Office of Planning & Budgeting

December 21, 2012

Senators Ask ED to Investigate For-Profits’ Strategies to Lower Default Rates

Last Wednesday, eight Democratic senators sent a letter to the U.S. Department of Education (ED) asking Education Secretary, Arne Duncan, to investigate strategies that some for-profit colleges allegedly use to falsely lower their cohort default rates (CDRs)—the rate at which student borrowers default on federal loans. Institutions with high CDRs can face penalties including a loss of eligibility for federal student aid programs.

The letter cites a recent Senate Committee report, which presents evidence that for-profits routinely use two tactics
in particular to manipulate CDRs:

  1. “Encouraging or even harassing borrowers” into forbearances or deferments, which can delay default until after the
    period for which CDRs are typically reported; and
  2. Manipulating campus and program categorizations in a way that makes their default rates artificially low.

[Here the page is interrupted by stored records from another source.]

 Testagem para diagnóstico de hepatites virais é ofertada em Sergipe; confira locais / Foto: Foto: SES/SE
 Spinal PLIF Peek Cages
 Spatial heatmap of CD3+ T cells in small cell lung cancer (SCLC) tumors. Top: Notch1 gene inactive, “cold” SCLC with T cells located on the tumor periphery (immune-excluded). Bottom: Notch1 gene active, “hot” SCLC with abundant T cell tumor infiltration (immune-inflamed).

The senators argue that “for-profit schools should not be able to use administrative smoke and mirrors to circumvent regulations that protect students and taxpayers, and the department should take action to prevent these tactics.” Some for-profits have admitted to using such strategies to “manage” their CDRs, but they deny that doing so conflicts with their students’ best interests.

For-profits consistently average higher default rates than all other higher education sectors.  Of the students who began repaying loans in 2009, 22.7 percent of students at for-profits defaulted within three years, while only 11 percent of public students defaulted in that timeframe, and only 7.5 percent of private nonprofit students. In contrast, the UW’s three-year CDR was an impressively low 3.1

Comparing for-profits’ two-year CDRs with newly-reported three-year CDRs reveals a major, and potentially damning, discrepancy. Fifty percent more students from for profits’ defaulted in the three-year timeframe than in the two-year timeframe. The senators say this “raises serious questions about how widespread the use of such tactics may be across the sector.”

ED has yet to respond to the senators’ letter.